Между прочим, городские жители в 1812 году составляли 4,5 процента от общего числа населения, в 1851-м — менее восьми, а в 1914 году — 15 процентов; по этому показателю Россия занимала одно из последних мест среди крупнейших и развитых государств.
Но литература по-прежнему создавалась для городского читателя и на «городском» языке. Нужно было это исправлять — читатели заждались гостя из родной стороны.
* * *
В автобиографиях Есенин считал необходимым упомянуть, что он прошёл вольнослушателем два курса обучения в Московском городском народном университете А. Л. Шанявского, в группе общественно-философских наук.
Университет не выдавал ни аттестатов, ни даже справок о прохождении обучения. Экзамены сдавать там тоже было необязательно. Строго говоря, образованием в полном смысле слова это считать нельзя.
Однако лекции там читала московская профессура высшего уровня.
Университет был в те годы знаменит; именно поэтому Есенин во всегда кратких и больше прокладывающих необходимую для него канву, чем реально повествующих о его жизни автобиографиях считал важным о нём упомянуть.
Есенин появился там то ли в конце 1913 года, то ли уже в 1914-м.
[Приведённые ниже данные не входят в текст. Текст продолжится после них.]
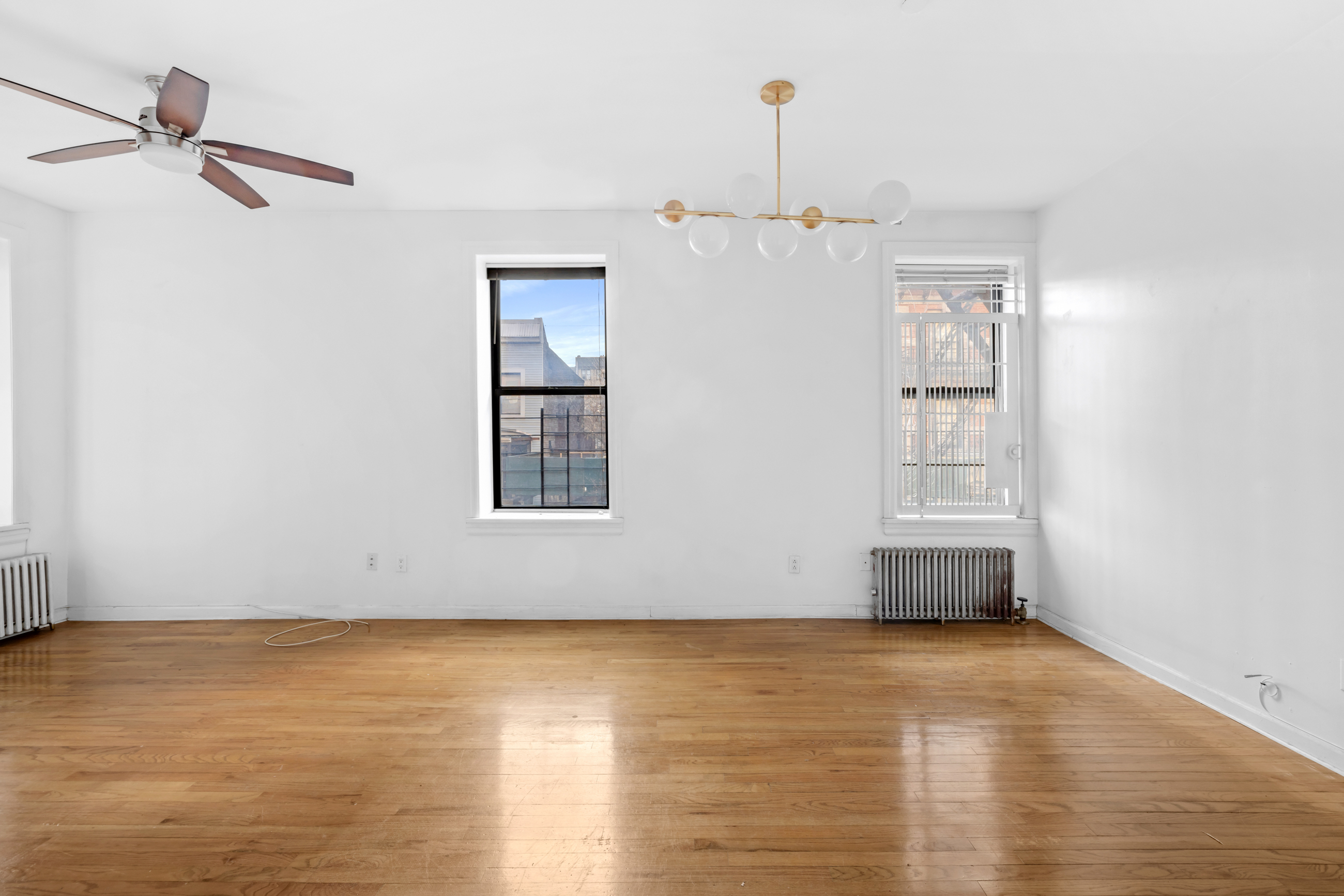 469 West 166th Street, Unit 2C Manhattan, NY 10032 - Photo 4 of 13 a view of an empty room with a window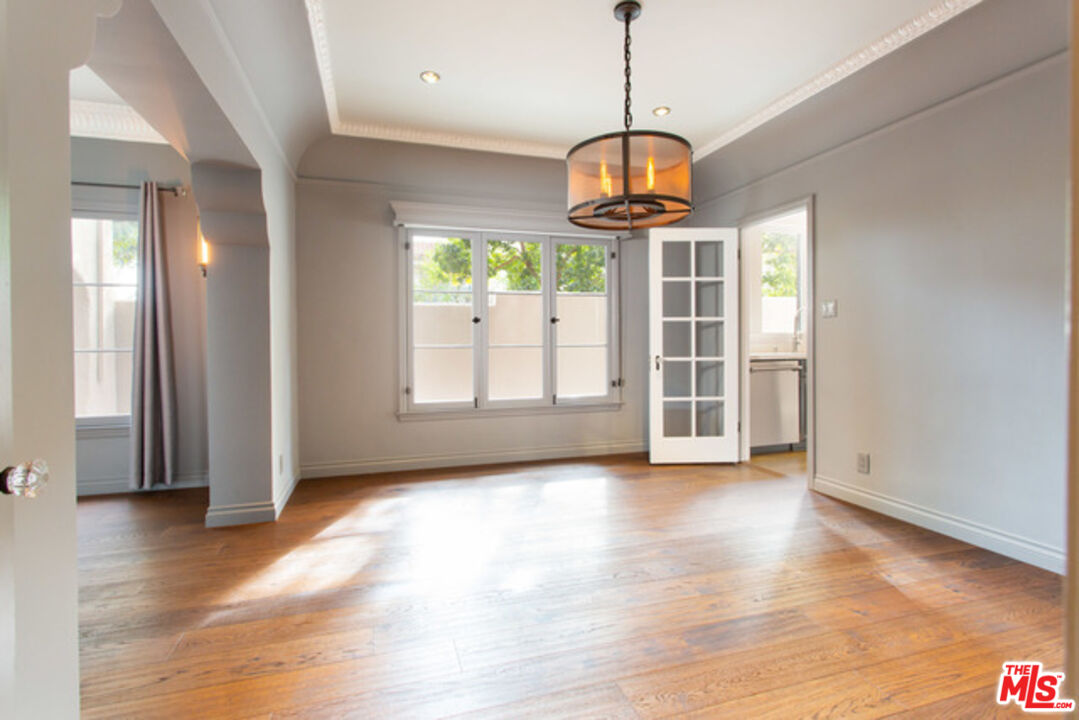 153 North Arnaz Drive Beverly Hills, CA 90211 - Photo 7 of 20 an empty room with wooden floor and chandelier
Его конспектов не сохранилось; ни одного упоминания о том, какие именно лекции он посещал, тоже нет.
Скорее всего, Есенин слушал лекции Павла Сакулина по русской литературе середины XIX века и, возможно, курс Матвея Розанова по истории литературы эпохи Возрождения и западной литературы XIX века.
Кто только не заходил в университет Шанявского в качестве вольнослушателя!
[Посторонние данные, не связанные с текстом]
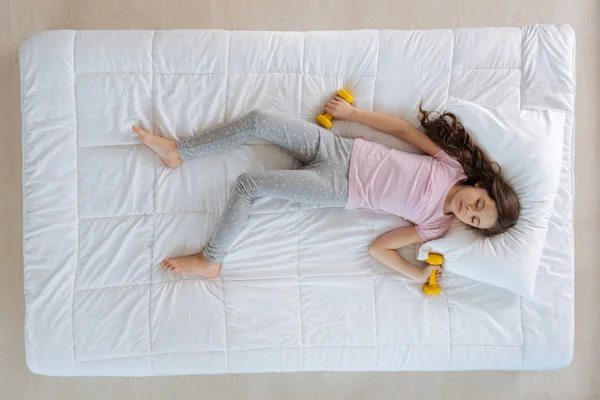 Niña sosteniendo pesas — Foto de Stock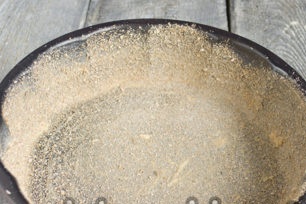 grease the form, sprinkle with breadcrumbs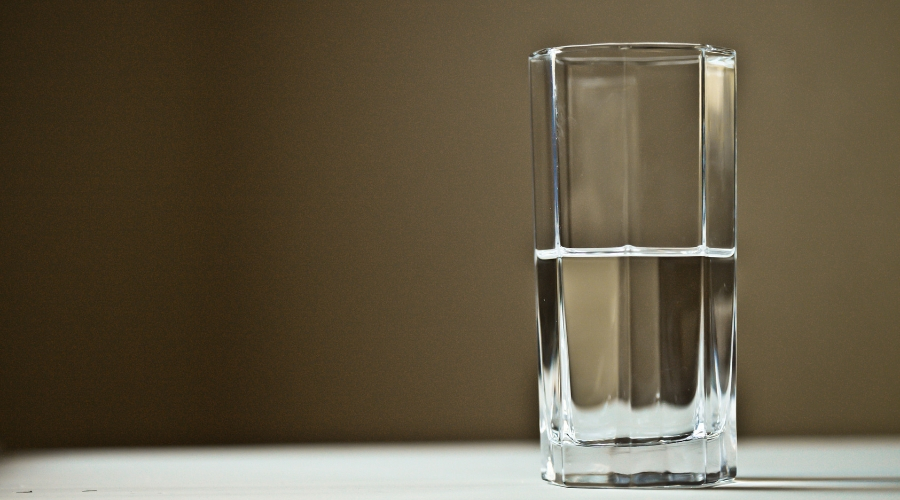 Photo of a glass half filled with water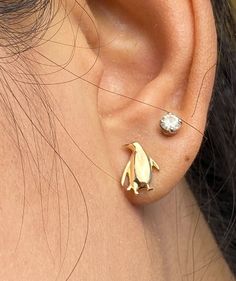 Features - Made to order - Materials: Solid Gold - Gold Color: Yellow Gold, White Gold and Rose Gold - Dimension: 11.40 x 8.20 mm Approximately - Thickness: 2.00 mm Approximately - SKU: SP12QF Note: The listing for penguin earrings only. Thanks! All Gold pieces are stamped with the metal type on the inside.  CONTACT US If you have any questions, please send us a message! CHECK OUT OUR OTHER SHOP We have another shop selling wedding bands and fine fashion jewelry with over 60,000+ sales and 14,000+ 5 star reviews. You can visit our other shop @ https://fanyv88.com:443/https/www.etsy.com/shop/qcustomjewelry Q Fine Jewelry offers a lifetime guarantee on all of our items. If you ever experience any issues with your purchase, please send us a message and we would gladly help! If the issue is due to manufacturing, we Ocean Marine Life, Penguin Earrings, Gold Animals, Animal Earrings, Jewellery Ideas, Animal Jewelry, Gold Gold, Marine Life, Custom Rings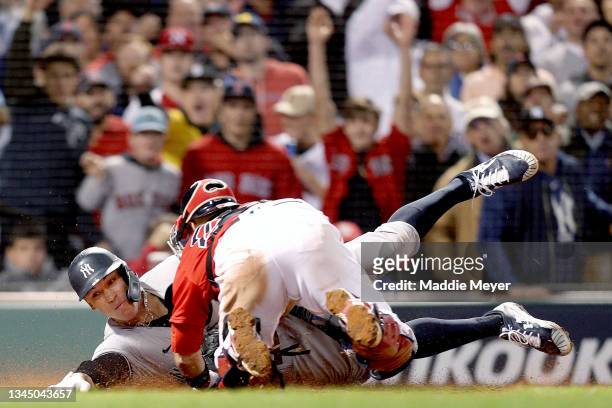 Aaron Judge of the New York Yankees is tagged out by Kevin Plawecki of the Boston Red Sox during the sixth inning of the American League Wild Card...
Один из преподавателей, Александр Кизеветтер, вспоминал: «Я видел там сидящими рядом офицера Генерального штаба и вагоновожатого городского трамвая, университетского приват-доцента и приказчика от Мюра и Мерилиза, даму с пушистым боа на шее и монаха в затрапезной рясе». Товарищ Есенина по нелегальной работе Георгий Пылаев, он же Скакун, тоже там обучался.
К написанному выше добавим воспоминания учившегося вместе с Есениным поэта Дмитрия Семёновского: «Бывали тут два бурята с кирпичным румянцем узкоглазых плоских лиц. Появлялся длинноволосый человек в белом балахоне, с босыми ногами, красными от ходьбы по снегу».
Ну и наконец: «кукольно красивый», безупречно одетый молодой поэт и его подруга Анна. В марте 1914 года они начнут жить вместе.
Снимут квартирку. За жильё будет платить она.
Есенин все имеющиеся у него деньги тратил на книги и журналы.
* * *
Изряднова никогда не будет на него обижаться.
Для всех женщин Есенина — Зинаиды, Екатерины, Надежды, Айседоры, Галины, Софьи — будет характерно понимание того, с кем их связала судьба. Ни одна из них после его ухода не станет сводить с ним счёты, каждая к памяти о нём отнесётся бережно.
Но Анна Изряднова — случай какой-то совсем русский: тихий, безропотный и смиренный.
Скорее всего, Изряднова была его первой женщиной.
«Он был такой чистый, светлый, у него была такая нетронутая, хорошая душа — он весь светился» — таким она запомнит Сергея.
«Нетронутая, хорошая душа» — как бережно и точно подобраны слова.
Есенин не посвятит ей ни строчки, другим, к кому он в те же годы питал платонические чувства, стихи будут написаны: и Бальзамовой (совсем юношеские и неумелые), и Сардановской (уже классические).
Впрочем, у Есенина (это заметил ещё Мариенгоф) так будет случаться часто: для той, которая недосягаема, — музыка, а жена — ну что жена…
«Ко мне он очень привязался, читал стихи», — напишет Изряднова.
Кому же их ещё читать! Гриша умер, отец ничего не понимает, с Бальзамовой отношения, как с горки на тележке, Сардановская вдруг появится, напишет письмо, но потом исчезает на многие месяцы. Пробовал подарить стихи и свой портрет ещё одной константиновской знакомой, перебравшейся в Москву, — Лидии Мацкевич, приписав: «Мне хотелось бы хоть раз ещё повидаться… Одолела хандра», — но с ней ничего не получилось. Есть Скакун и Бегун, но, кажется, они не очень хорошо понимают поэзию. В московские литературные кружки пару раз попадал, однако происходившее там показалось скучным.
Никого ближе и важнее Анны у него весной 1914-го не было.
В апреле она забеременела, но ему ничего не сказала. Она хотела ребёнка, Есенин — даже думать об этом не мог.
В мае он оставил работу в типографии Сытина и уехал в Константиново.
Случилось несколько публикаций в маленьких московских журналах, но радость по этому поводу быстро перегорела; хотелось славы, а всё двигалось как-то слишком медленно.